A local farmer has trained his pigs to perform ballet.
I’m going to see their production of swine lake.
What do you call a pig who does karate?
A pork chop.
What does an obstinate piglet always say to his mama?
“Sow what?”
I entered my pig into a pig race but he pulled a ham string.
What’s a pig’s favorite color? Ma-hog-any.
What’s a pig’s favorite holiday? Ar-boar Day.
Why are pigs pink when they could be any pig-ment? Sow many reasons.
What do you call a cold, angry pig? A ham-brr-grr.
What happened to the pig who ate too fast? They got a ticket for running a Slop Sign.
What did Papa Pig shout at his kids in the car?
“Stop swining! We’re nearly there.”
What’s it called when a bunch of pigs compete in athletic games?
The Olympigs
What’s the number one complaint pig spouses have about one another? Too stub-boar-n.
One of the punny pig names for a pig that loves Shakespeare is Hamlet.
What do you get when you cross a pig and superman?
The Man of Squeal.
Did you hear about the pig that ran the Post Office?
He was the first Porkmaster General.
What do you call a pig that gets the test answer wrong? Mistaken bacon.
What do 99 percent of pigs ask for on their hamburgers? Piggles.
What did the pig say to his friend who had been cheated upon?
Please don't go bacon this relationship.
Did you hear about the piglets who wanted to do something special for Mother’s Day?

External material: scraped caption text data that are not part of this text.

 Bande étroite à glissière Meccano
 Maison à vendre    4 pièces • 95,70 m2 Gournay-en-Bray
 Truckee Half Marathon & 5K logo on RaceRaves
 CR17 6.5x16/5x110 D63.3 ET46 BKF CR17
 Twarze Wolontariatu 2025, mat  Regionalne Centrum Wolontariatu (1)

They threw a sowprize party.
Did you hear about the pig who opened a pawn shop?
He called it “Ham Hocks”
What do you call it when a beautiful woman tries to trick you into giving her a pig?
A bae con.
Why did the piglet yell at his sibling at the dinner table?
She was hogging all the food!
When pigs work together, it’s known as collab-boar-ation.

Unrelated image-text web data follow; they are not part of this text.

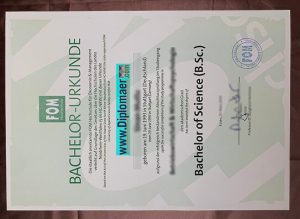 FOM Fake Degree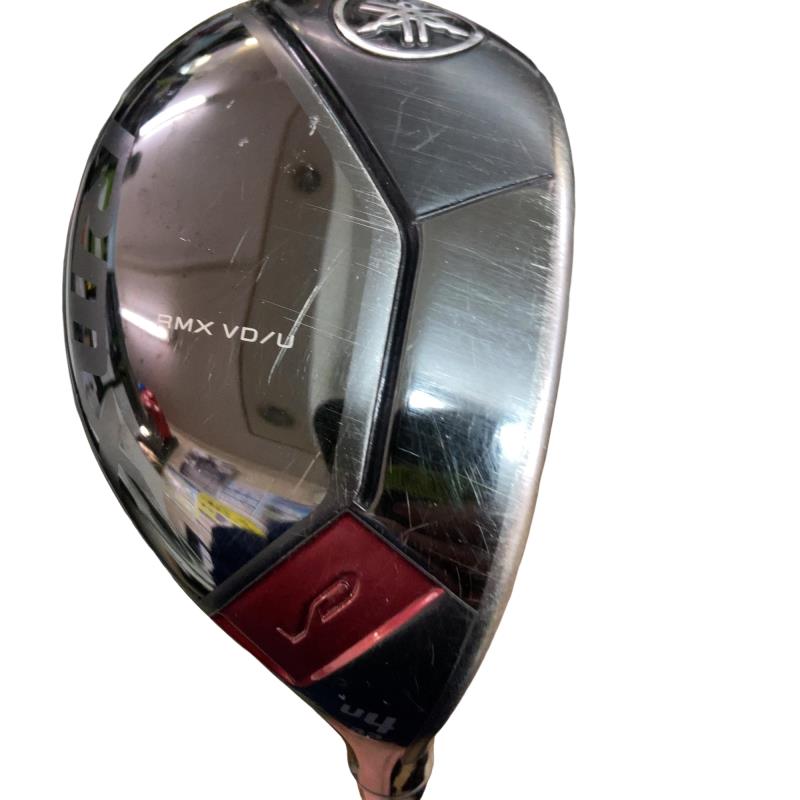 【中古】 ヤマハ RMX VD(2024) U4 ユーティリティ UT TENSEI TR60h (フレックスSR) メンズ 男性用 右利き 右用 Cランク ゴルフクラブ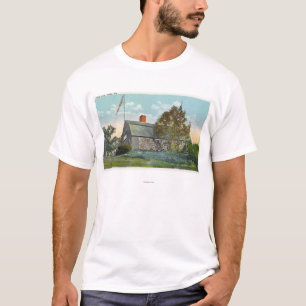 Exterior View of the Old Jail T-Shirt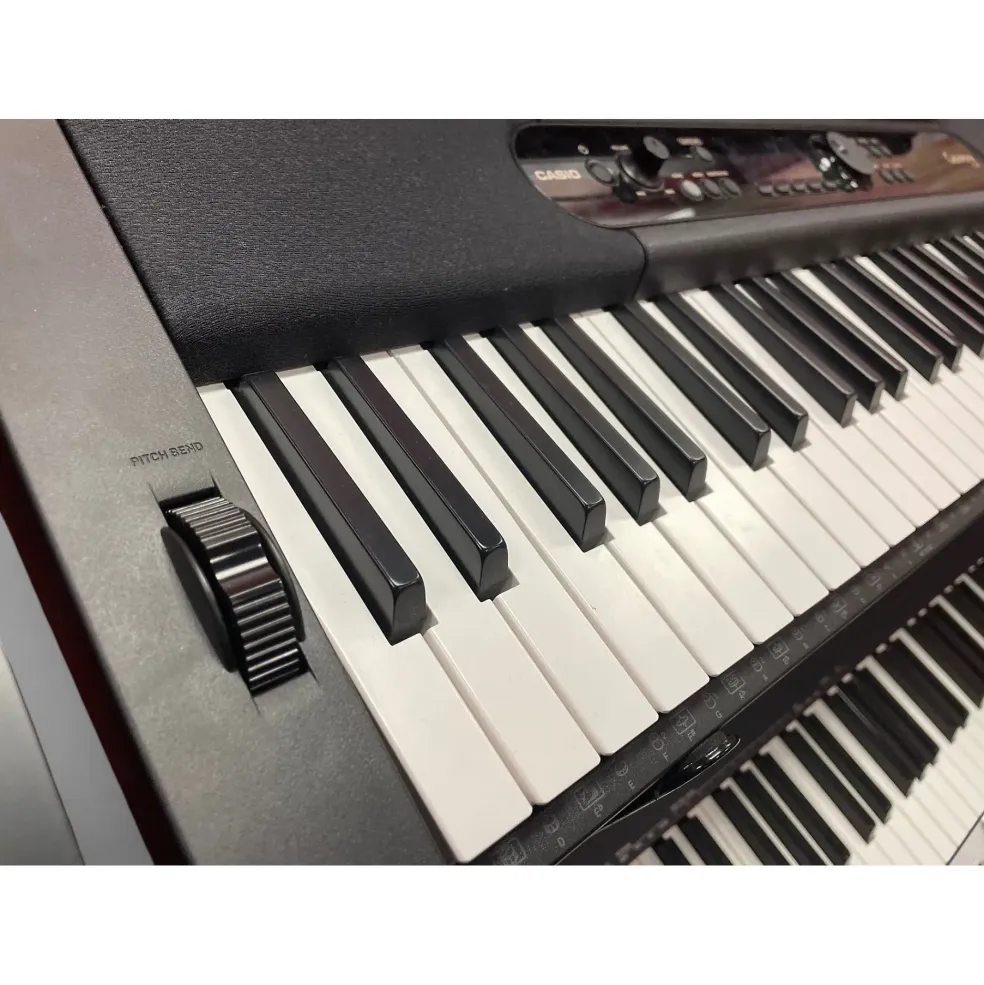 Used 2020s Casio CT-S410 Portable Keyboard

What did the pig exclaim when the wolf grabbed its tail?
“That’s the end of me!”
What do you give a sick pig?
Oinkment.
Walking through the farm and a group of pigs jumped out of a tree at me. It was a hambush.

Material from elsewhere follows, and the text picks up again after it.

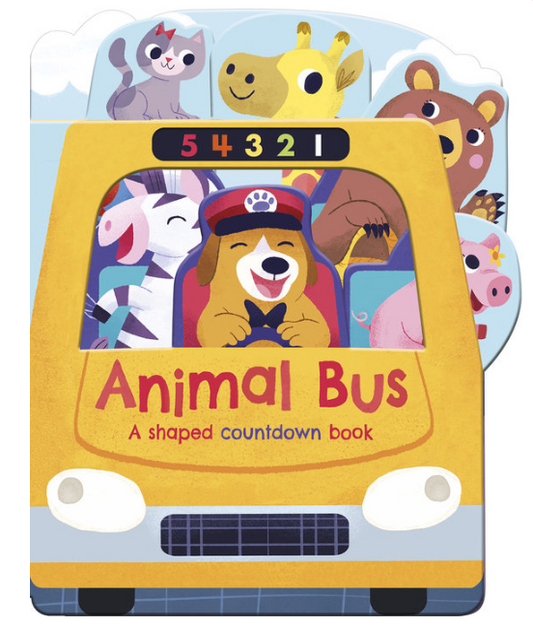 Animal Bus Books Penguin Random House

What’s the one book all piglets read in grade school? A Series of Un-porcine-ite Events.
Walking through the farm and a group of pigs jumped out of a tree on me.
It was a hambush.
How does a 20-something pig hit on someone?
They invite them over to Netflix and swill.
Why should you never rob a bank with a pig?
They always squeal.
Why was the piglet whining.
He was boared out of his brains.
What’s the super-confusing way that pigs say I love you? “I a-boar-you.”
When a pig takes out a loan, he becomes a boar-ower.
What do you call a Spanish pig?
Porque.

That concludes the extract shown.